A prequalification is an issuer's educated guess and does not guarantee you will be approved for a particular card. However, you do have a good chance.
Prequalification is not the same thing as preapproval. Prequalification occurs when you submit your information to shop for credit card offers. Preapproval occurs when an issuer sends you an offer after determining you meet the requirements for a particular card. Neither affects your credit rating. Although prequalification is no guarantee, preapproval is more of a sure thing.
Prequalification is offered by most major credit card issuers, including American Express, Bank of America, Capital One, Chase, Citi and Discover.
Why You Should Prequalify for Credit Cards
Prequalification allows you to avoid fully applying for credit cards that are out of your league, says Erica Sandberg, personal finance expert with Sandberg Financial Education Services.
You want to avoid applying for credit cards with terms beyond your reach because, unlike the harmlessness of a soft inquiry for prequalification, an official application will require a hard inquiry on your credit. A hard inquiry can lower your credit score, especially multiple hard inquiries within a short period of time.

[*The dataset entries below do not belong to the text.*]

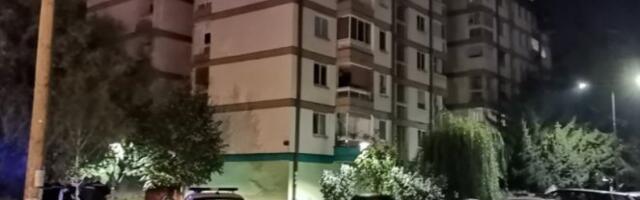 U TOKU OPERACIJA DEVOJČICE KOJA JE PALA SA ZGRADE U NIŠU! Maloletnica ima višestruke prelome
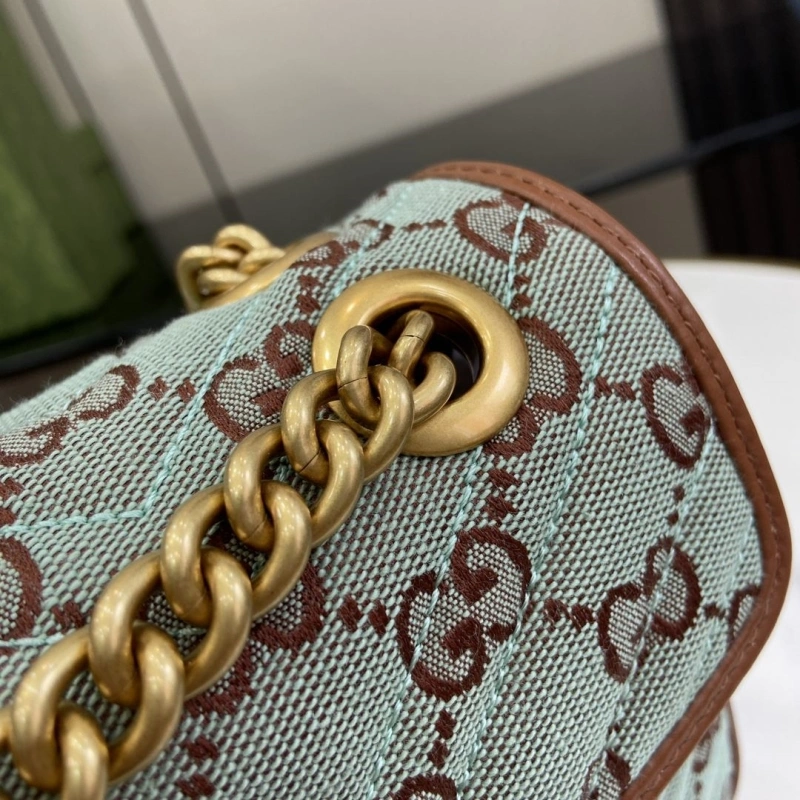 Gxccx Satchel Bags Soft 47568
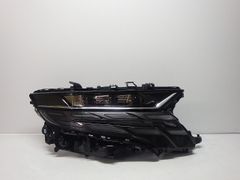 ノア ZRR80 ZWR80後期 右ヘッドライト ICHIKOH 28-239 - メルカリ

"Hard inquiries are listed on a credit report and factored into credit scores," says Sandberg. "It's a relatively minor scoring consideration at 10 percent, but too many in a short span of time will definitely drag those numbers down."
Improving Your Prequalification Odds
Knowing what issuers want to see throughout the process can make it easier to work on your credit profile so you're more likely to be prequalified for a credit card. Issuers consider information including:
-- Date of birth
-- Social Security number
-- Income and expenses
-- Debt load
-- Credit score
This data will be considered on a full application, but a full application looks deeper into qualifying factors. Requirements vary by issuer, but on a full application, you can expect to share additional information, including your country of citizenship and residence, how long you've lived at your address, whether you own or rent, your phone number, sources of income and financial assets.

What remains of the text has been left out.